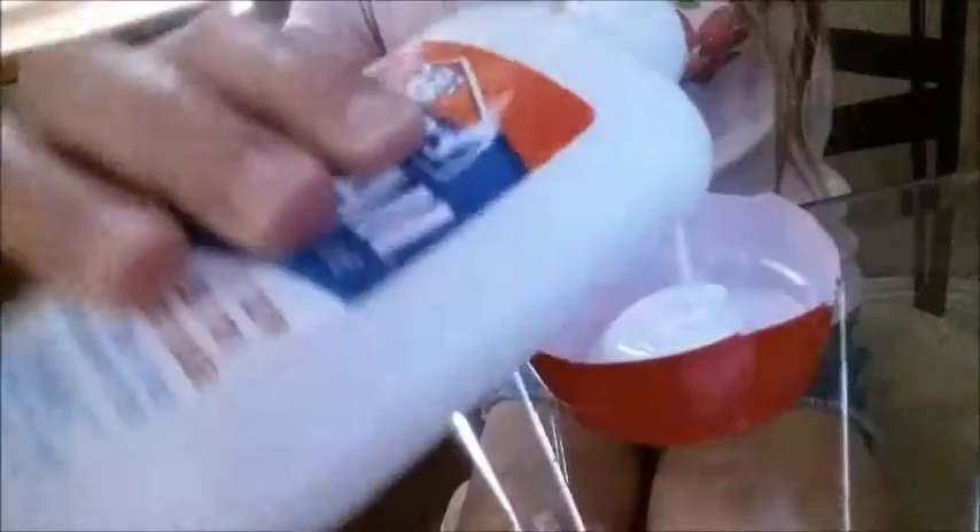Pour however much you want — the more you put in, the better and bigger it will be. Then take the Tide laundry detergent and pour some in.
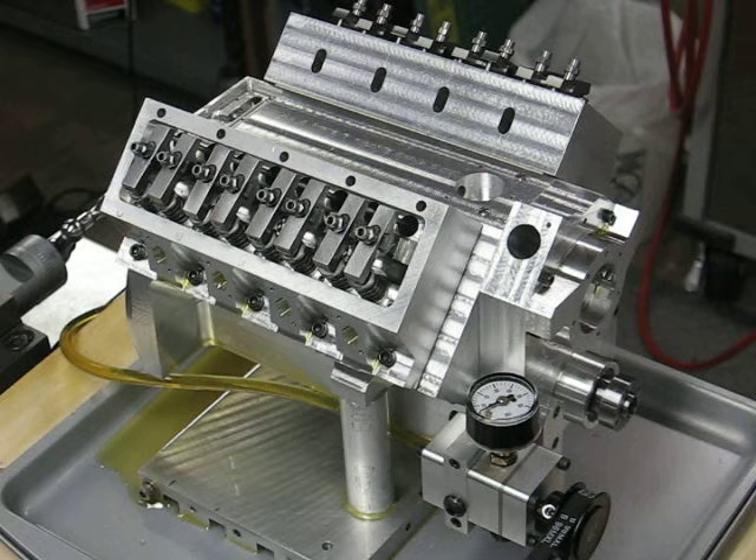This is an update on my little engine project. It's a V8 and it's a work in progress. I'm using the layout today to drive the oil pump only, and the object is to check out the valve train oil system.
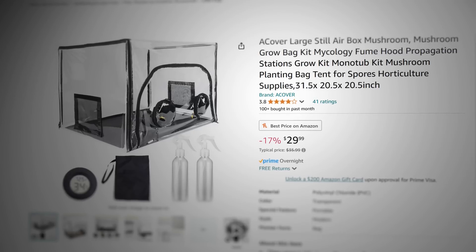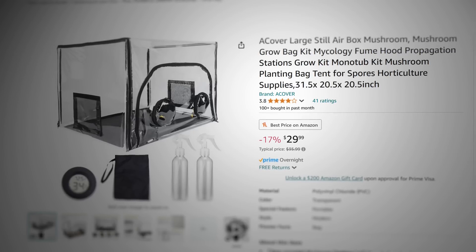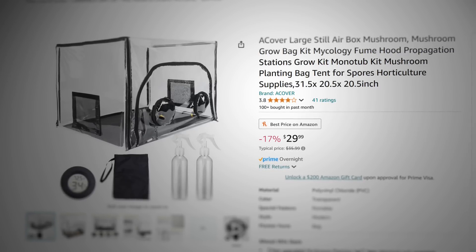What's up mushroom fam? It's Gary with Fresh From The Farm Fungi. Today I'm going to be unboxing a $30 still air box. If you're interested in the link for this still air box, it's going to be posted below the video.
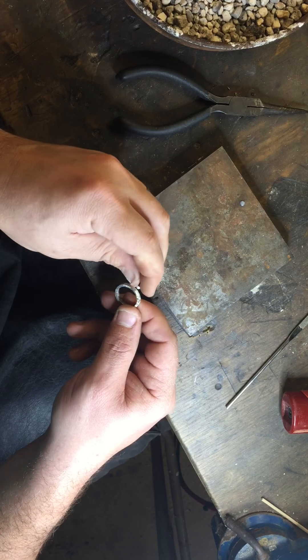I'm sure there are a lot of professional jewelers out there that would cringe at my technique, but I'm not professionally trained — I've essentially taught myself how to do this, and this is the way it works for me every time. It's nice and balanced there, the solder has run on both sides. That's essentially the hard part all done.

## ASSIGNED TASK
Return the complete material above exactly, with no picture.

## TASK ANSWER
Pour however much you want — the more you put in, the better and bigger it will be. Then take the Tide laundry detergent and pour some in.
This is an update on my little engine project. It's a V8 and it's a work in progress. I'm using the layout today to drive the oil pump only, and the object is to check out the valve train oil system.
What's up mushroom fam? It's Gary with Fresh From The Farm Fungi. Today I'm going to be unboxing a $30 still air box. If you're interested in the link for this still air box, it's going to be posted below the video.
I'm sure there are a lot of professional jewelers out there that would cringe at my technique, but I'm not professionally trained — I've essentially taught myself how to do this, and this is the way it works for me every time. It's nice and balanced there, the solder has run on both sides. That's essentially the hard part all done.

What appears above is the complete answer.